Save non-persistent object id in JPA (Hibernate)

Question

I've a static class like:

public class Sex{

private final int code;
private final String status;

public static final int TOTAL = 3;

private Sex(int c, String s) {
code = c;
status = s;
}

public static final Sex UNDEFINED = new Sex(1, "UNDEFINED");
public static final Sex MALE = new Sex(2, "MALE");
public static final Sex FEMALE = new Sex(3, "FEMALE");
private static final Sex[] list = { UNDEFINED, MALE, FEMALE };

public int getCode() {
return code;
}

public String getStatus() {
return status;
}

public static Sex fromInt(int c) {
if (c < 1 || c > TOTAL)
throw new RuntimeException("Unknown code for fromInt in Sex");
return list[c-1];
}

public static List getSexList() {
return Arrays.asList(list);
}
}

And, I've an entity class

@Entity
@Table(name="person")

public class Person{

    @Id
    @GeneratedValue(strategy=GenerationType.AUTO)
    private long id;// setter/getter omitted

    private Sex sex;
    public final Sex getSex() {
    return this.sex;
    }
    public final void setSex(final Sex argSex) {
    this.sex = argSex;
    }
}

I want to save sex_id in database in person table.
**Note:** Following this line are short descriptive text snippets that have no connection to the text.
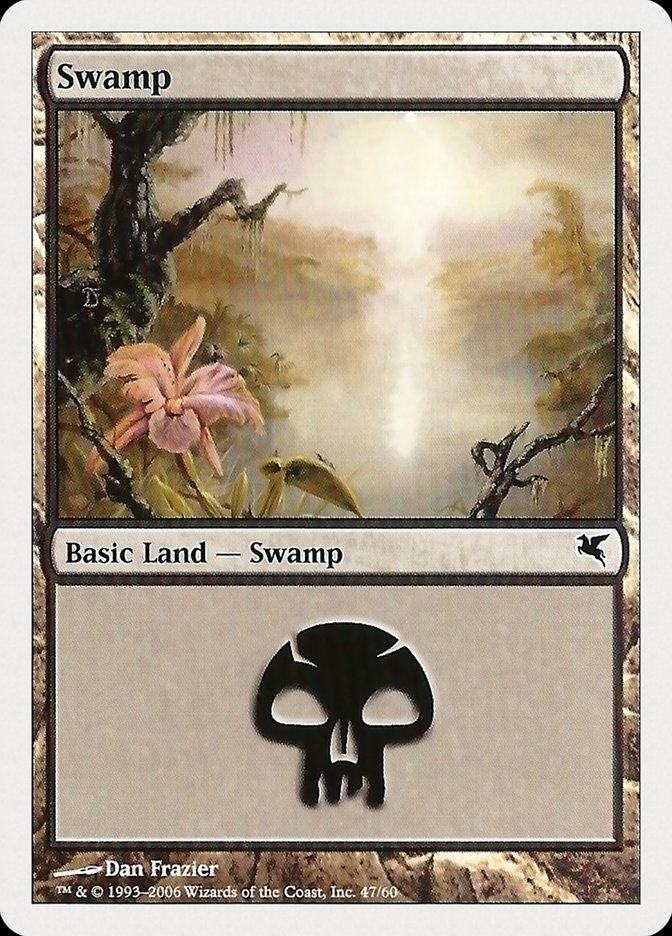 Swamp (47) [Hachette UK] Magic: The Gathering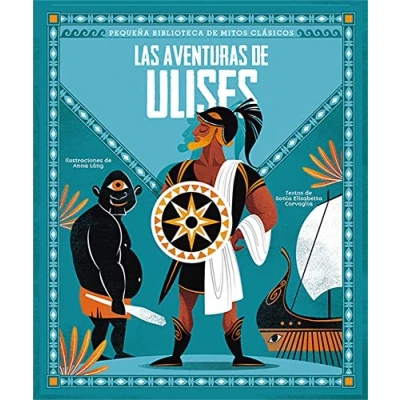 Imagen de Las Aventuras DE Ulises (PEQUE?A BIBLIOTECA MITOS CLASICOS)
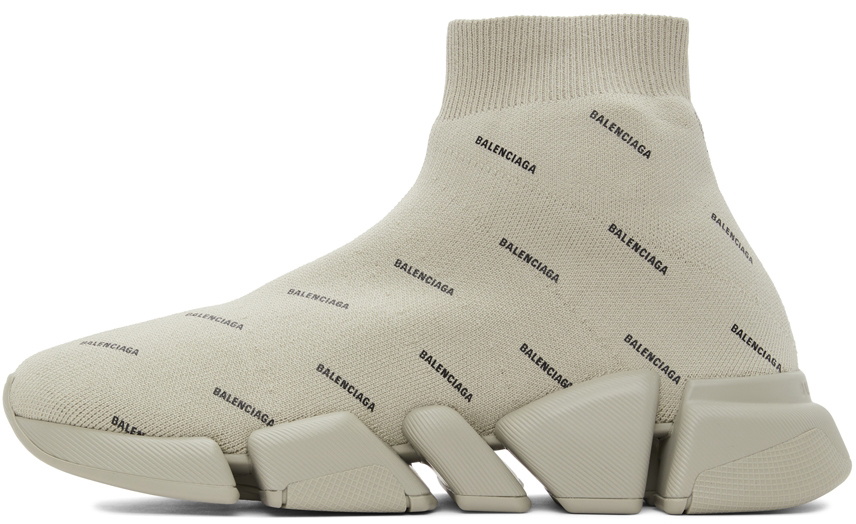 Speed 2 0 Sneakers in Beige - Balenciaga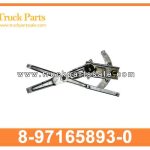 Power Window Regulator 8-97165893-0 8971658930 8-97165-893-0 for ISUZU FVR96 Regulador de ventana el??ctrica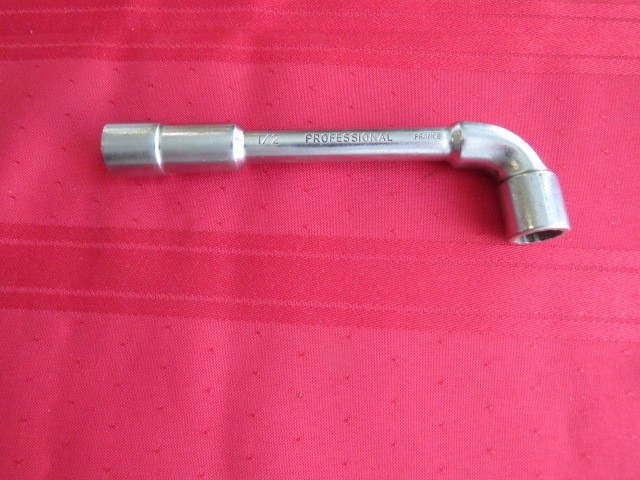RARE Sears Craftsman Professional Angle Socket Wrench SAE 1/2″ 34684 France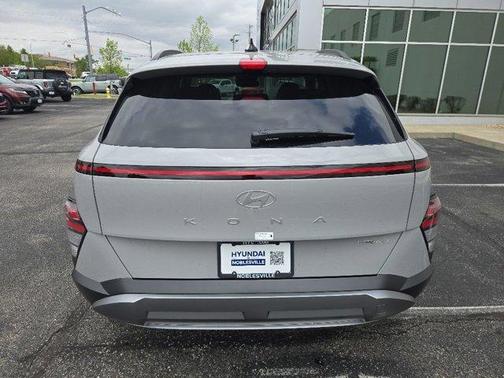 Cyber Gray Metallic 2026 Hyundai KONA SEL Premium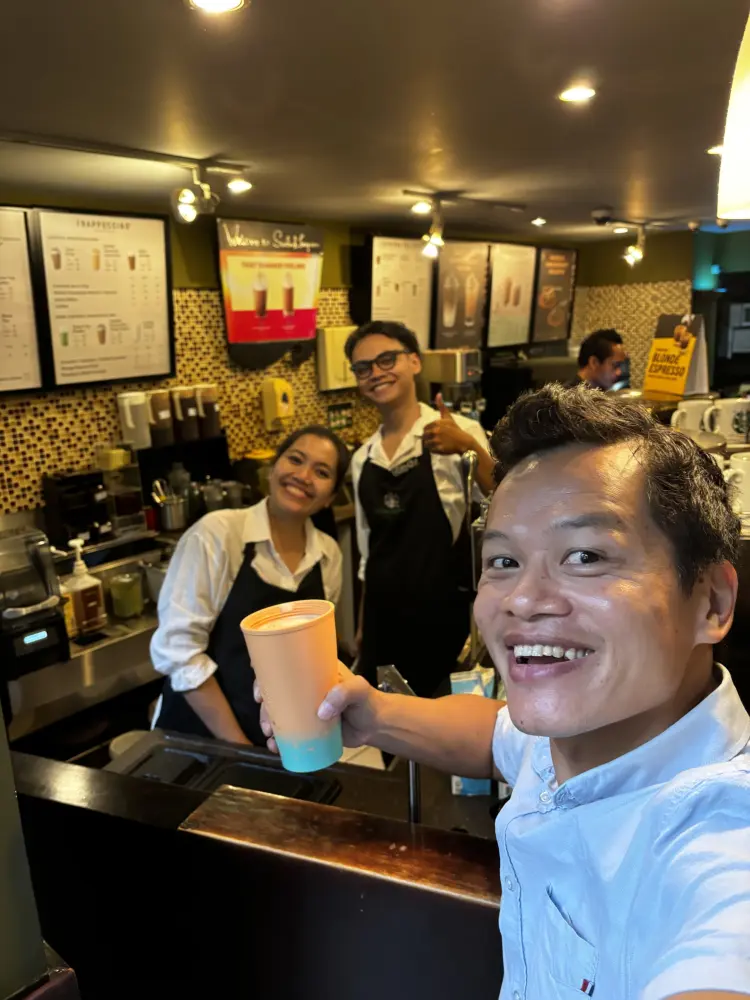 Starbucks Sampoerna Strategic Tower 4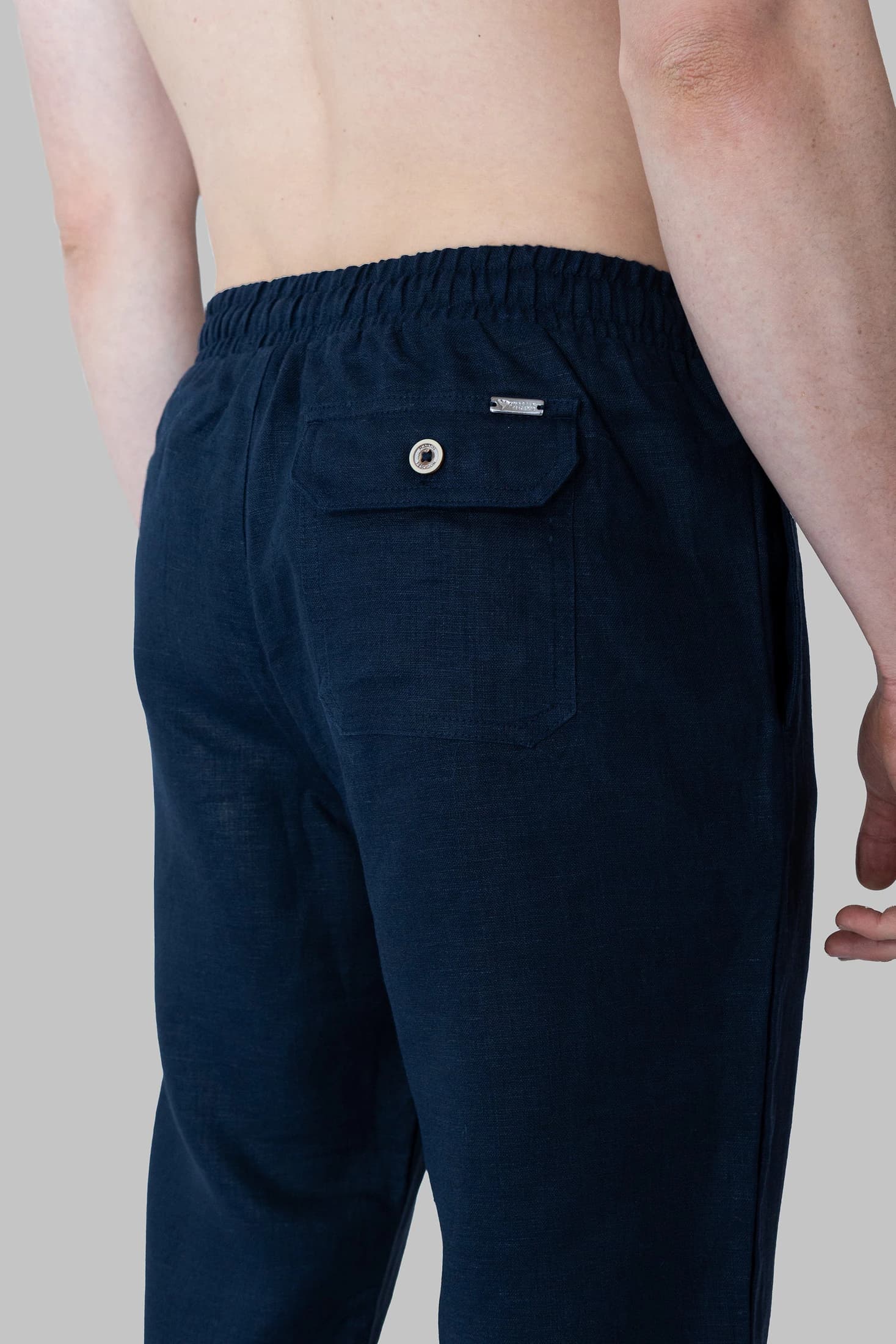 Pantalón Leisure 100% Lino - European Flax - imagen 6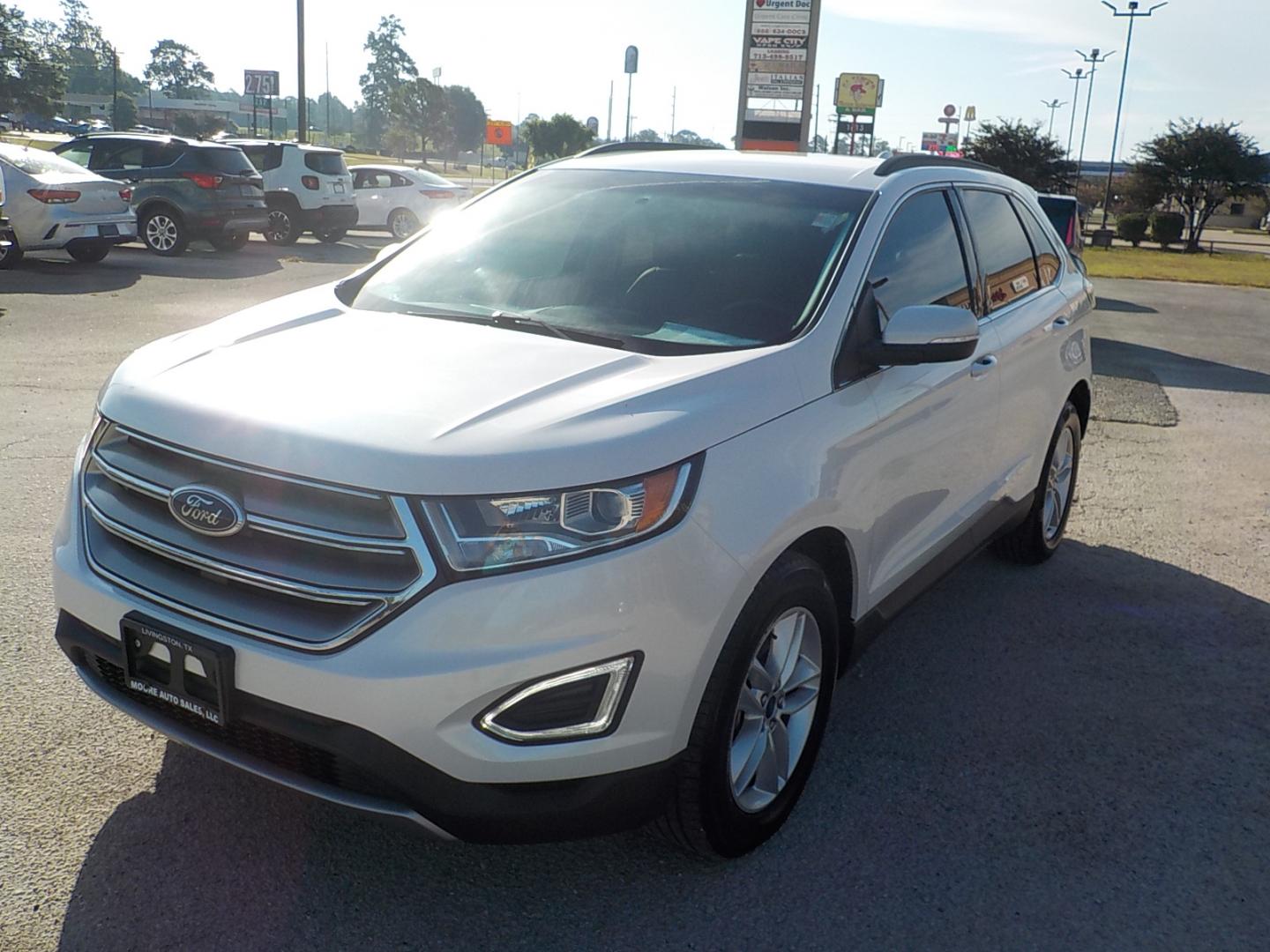 2016 Ford Edge SEL FWD (2FMPK3J91GB) with an 2.0L L4 DOHC 16V engine, 6A transmission, located at 1617 W Church Street, Livingston, TX, 77351, (936) 327-3600, 30.710995, -94.951157 - Great miles for this year model!! Fancy Edge for an affordable price! - Photo#3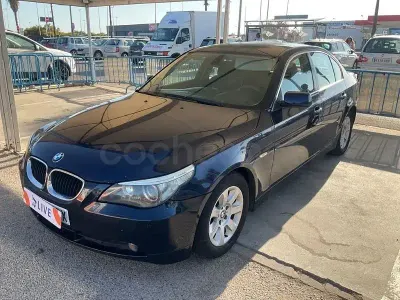 Usado BMW 530 Comfort Edition 231 CV (169 kW) 2005 Azul Berlina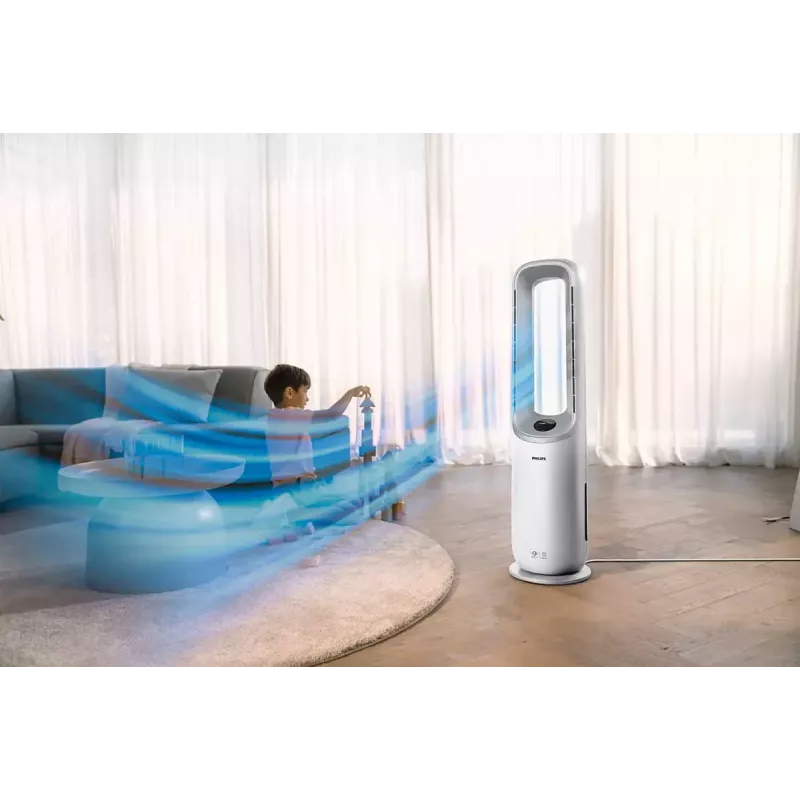 Philips Air Performer 7000 Serie AMF765/10 2-in-1 Luftreiniger und Ventilator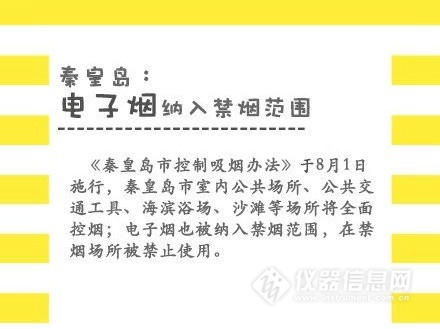 秦皇岛将全面控烟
But setter/getter should be as specified, because I want write my code as -

Person person = new Person();
person.setSex(Sex.MALE);
Dao.savePerson(person);

How to annotate Sex with JPA?

Answer 1

Since you don't want to create new Sex instance in your database, why don't you use an enum instead of a class for Sex?

If you do so, you will just have to annotate you Sex attribute with @Enumerated(EnumType.STRING) in the Person class. Full example here (or just Google it and you will find plenty)

Answer 2

Why not to use enumerator Sex instead and then use @Enumerated instead?

 @Enumerated(EnumType.STRING)
   Sex sex